What is required:
Leave out the pictures and output exactly the lines below from the one with "dog beach - 3" down to the one with "Terreno à Venda, 449", both of them included.

Available records:
====================

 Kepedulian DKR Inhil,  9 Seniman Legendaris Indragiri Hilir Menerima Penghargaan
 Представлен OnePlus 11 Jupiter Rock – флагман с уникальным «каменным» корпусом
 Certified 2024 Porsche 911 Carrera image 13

====================

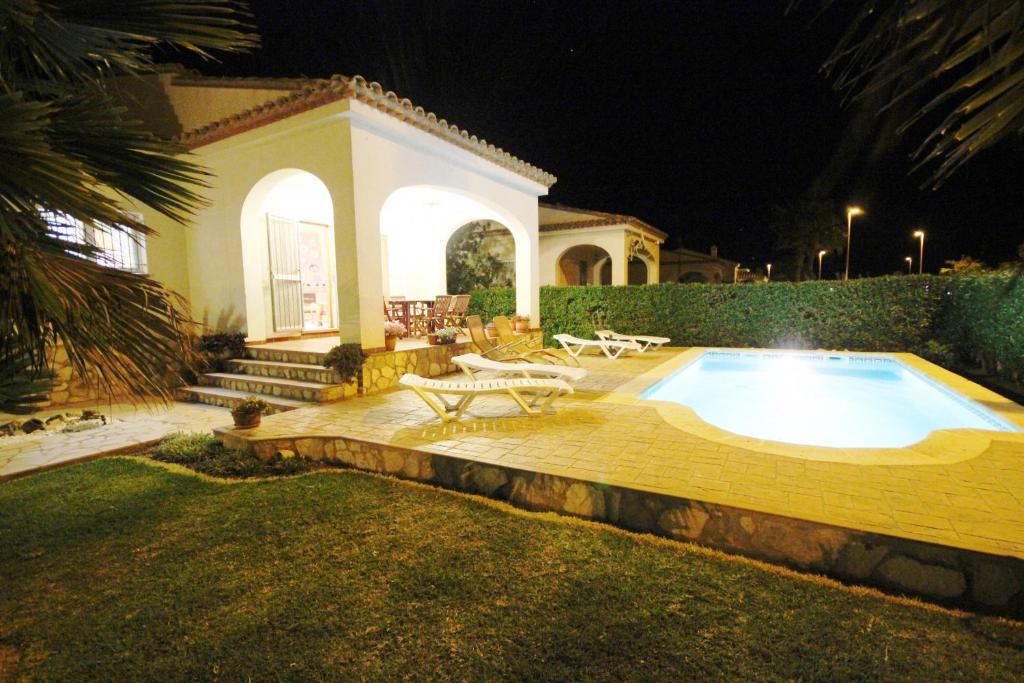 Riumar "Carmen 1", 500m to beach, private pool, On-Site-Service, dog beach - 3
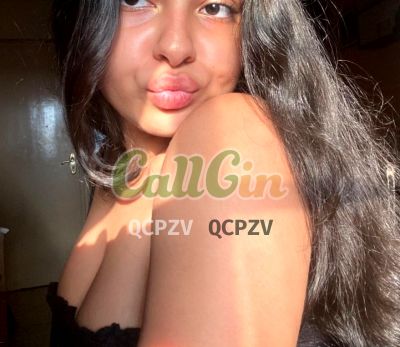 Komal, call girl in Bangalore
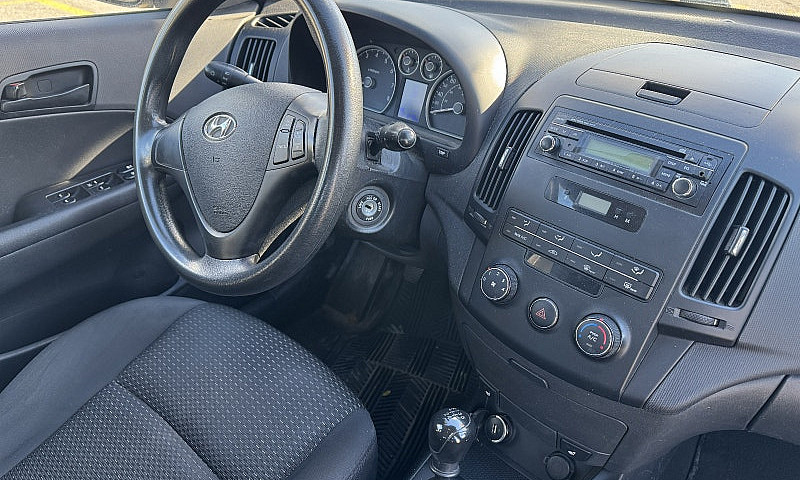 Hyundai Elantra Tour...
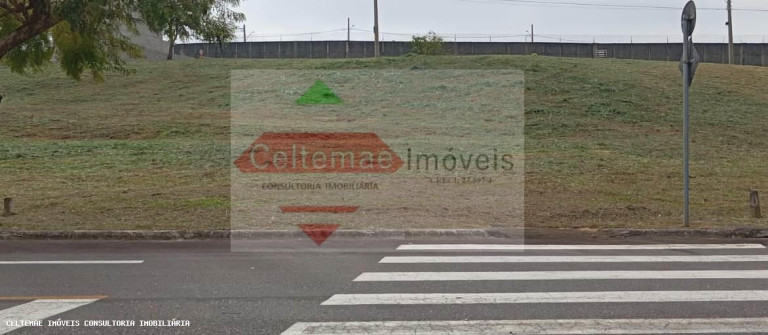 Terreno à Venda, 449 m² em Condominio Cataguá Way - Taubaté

====================

Output:
 Riumar "Carmen 1", 500m to beach, private pool, On-Site-Service, dog beach - 3
 Komal, call girl in Bangalore
 Hyundai Elantra Tour...
 Terreno à Venda, 449 m² em Condominio Cataguá Way - Taubaté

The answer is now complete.